The image above is from the DIA website -- Spiral Jetty as we've known it from the textbooks.

Beginning the trek, we are equipped with walking sticks. The rocks on either side  (about 6' out) are the borders of the Jetty, which is 15' wide. Even with these make-shift guides, each step proves to be a challenge because the Jetty is 99% submerged. Oh, and the surface is not flat. In fact, it's incredibly uneven.




In addition to two sticks and thick socks and boots, I am equipped with hip waders and six layers of clothing to combat the wind and cold (photo from Bob. Thanx!) 



Another challenge: the water was more of an obstacle than an aid in walking out toward the spiral. 



Taken from the hills atop Rozel Point, on the Great Salt Lake.  The Jetty begins just past our Jeep and extends 1500'  beyond the coast. 


About 3/4 of the way out and turning to look back toward the coast (and the Jeep), the rock barriers have disappeared. We have no borders to aid us in our navigation.
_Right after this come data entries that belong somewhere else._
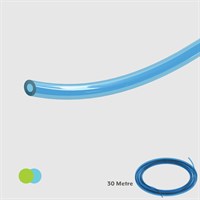 Transparent Blue Polyurethane Tubing, 85 Shore A, 1/4" (6.4mm) ID x 3/8" (9.5mm) OD Tube - 30M - Compatible with Both Green and Blue Dot Fittings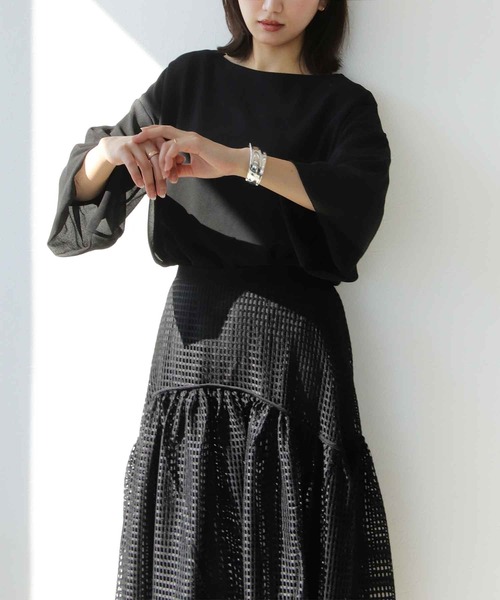 【セール】ボートネックシアーブラウス（シャツ/ブラウス）｜Jines（ジネス）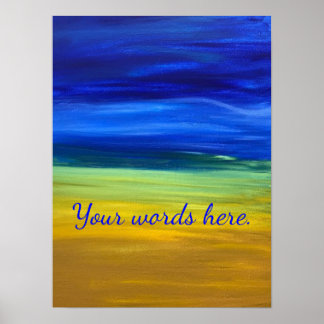 Póster Hermoso cartel de palabras pintadas de arena y cie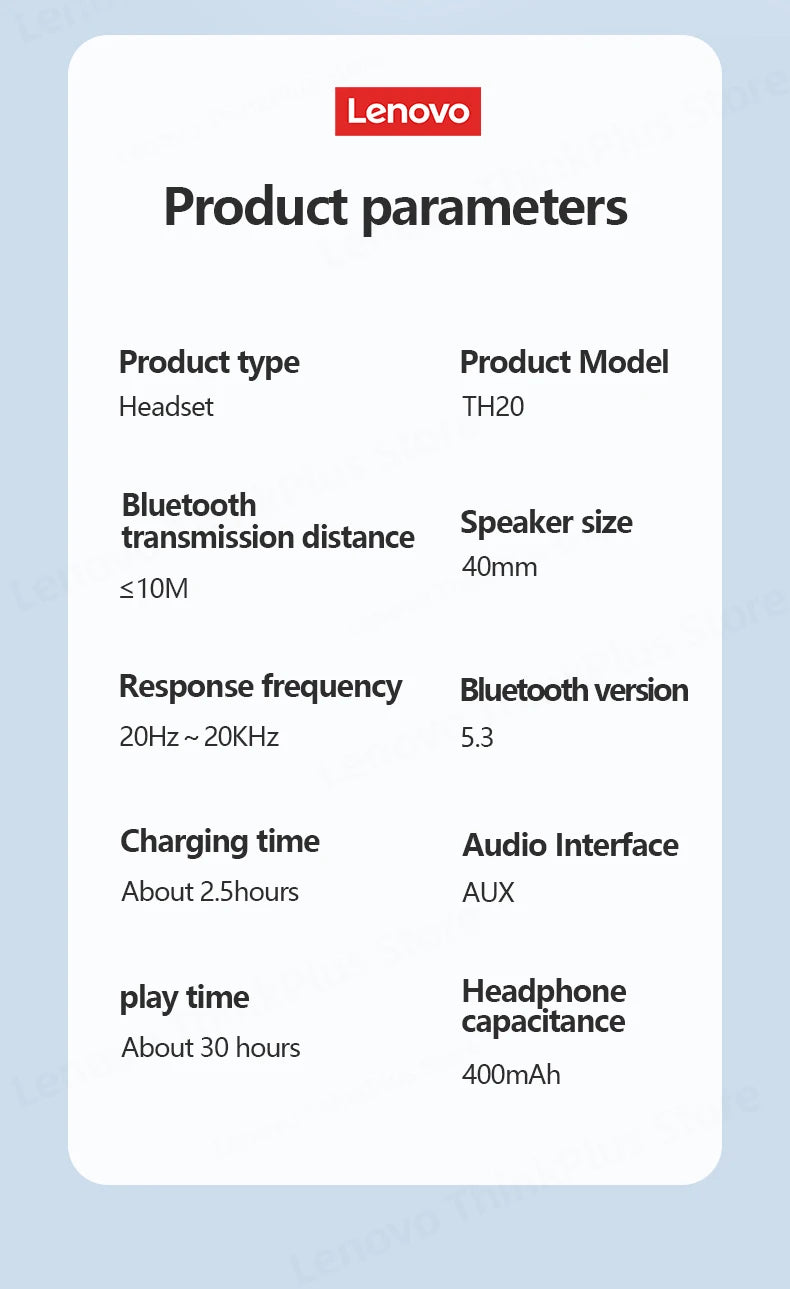 **Lenovo TH20 – Wireless Bluetooth 5.3 Headphones with Dual Mode, Foldable for Sports, Music & Gaming! 🎧**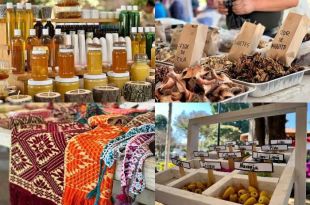 Productores de las comunidades de Valle de Bravo expusieron sus productos elaborados de manera artesanal en el jardín central del municipio.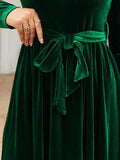 Tie Front Round Neck Long Sleeve Maxi Dress - Hovatok
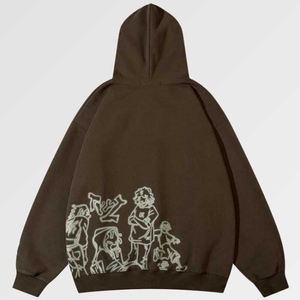 เสื้อฮู้ดดี้ลายกราฟิกสั่งทำ คุณภาพสูง ผ้าฟลีซคอตตอน 100% ทรงโอเวอร์ไซส์ สตรีทแวร์ลำลอง ยูนิเซ็กซ์ เสื้อสเวตเชิ้ตแบบสวมหัว รับผลิตแบบ OEM ขายส่ง - Product Image 3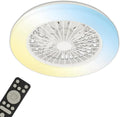 Ventilatore da Soffitto LED Dimmerabile con Telecomando, 5 Velocità, per Soggiorno e Camera da Letto, Bianco, 48,5x14,5 cm
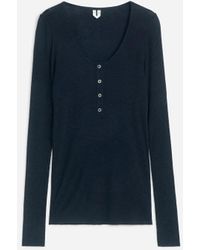 ARKET - Wool Jersey Henley Top - Lyst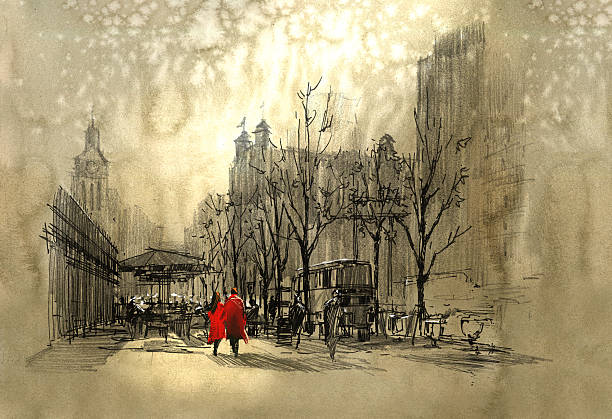 couple in red walking on street of city couple in red walking on street of city,freehand sketch romantic styles stock illustrations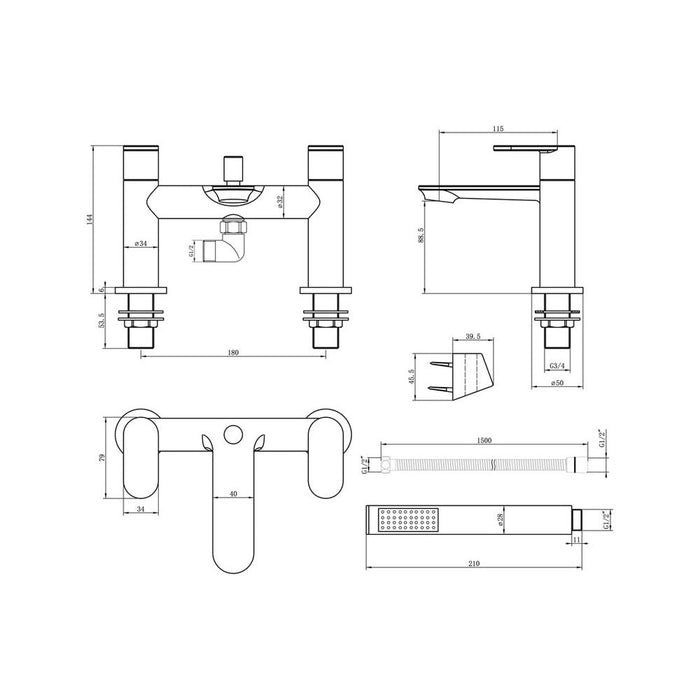 Bliss BLIS105761 Covini Bath/Shower Mixer - Chrome - Unbeatable Bathrooms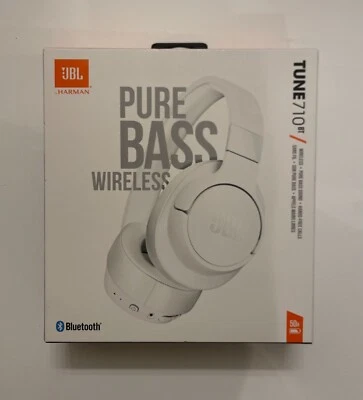 JBL TUNE 710BT Wireless PureBass Bluetooth Over-Ear Headphones White - FREE SHIP - Image 1 of 3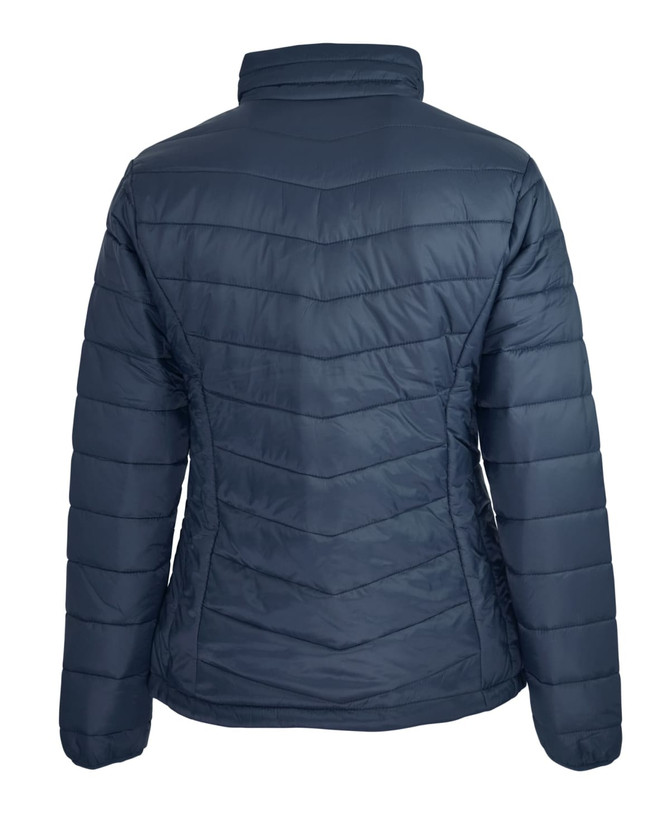 A navy blue insulated jacket featuring a quilted design and a high collar. The back view highlights its fitted shape.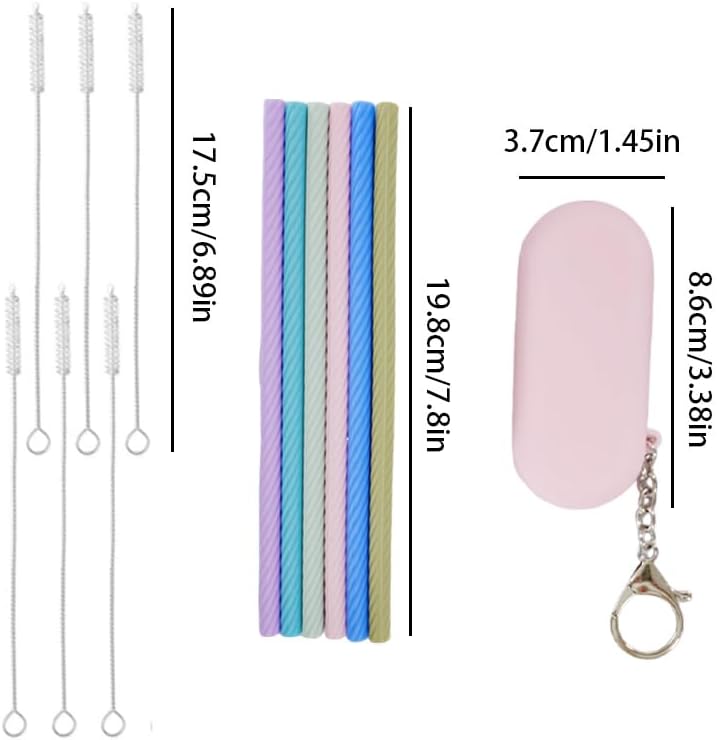 6 Sets Silicone Reusable Straws with Cases & Cleaning Brushes, Foldable Portable Travel Straws for for Travel & Party Cold or Hot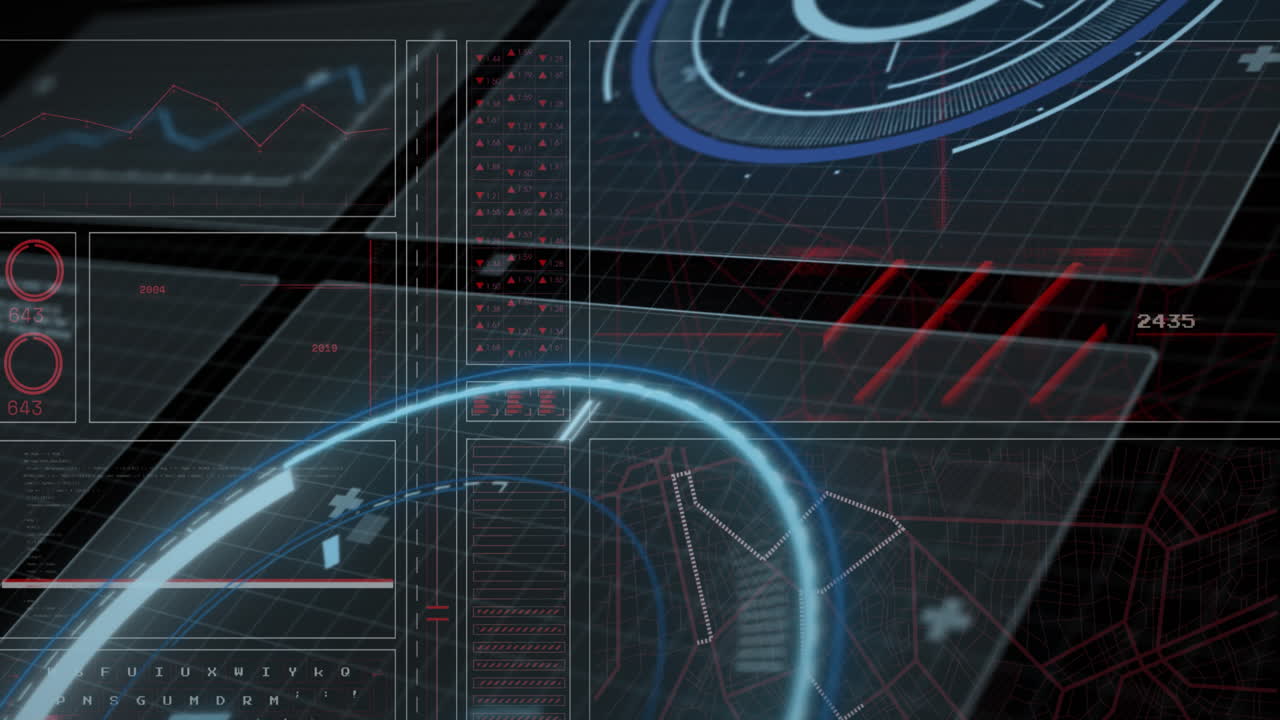 Animation of interface with round scanner and data processing against black background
We made it out to about 1000' (I'm not entirely sure as to the exact distance), and we were very near the arc in the spiral.  The journey was fantastic and, next time, we hope to go even farther.

6 comments:

Elizabeth said...

This is so neat!! It's fun to see images of the jetty from a closer perspective.

art gal said...

Hooray for the pilgrimage! It looks like your trek was a little chilly but nevertheless a sight/site to behold. The art history books should suggest that waterproof boots will augment one's viewing pleasure. So glad you made it--thanks for sharing!

Boris Zakic said...

what an experience!

Prof. Darrell Kincer said...

Very cool!

Evelyn said...

AWE-SOME! :) So excited about your trek!

veritas6-5 said...

Wow! that is so cool! where is it? what a neat adventure!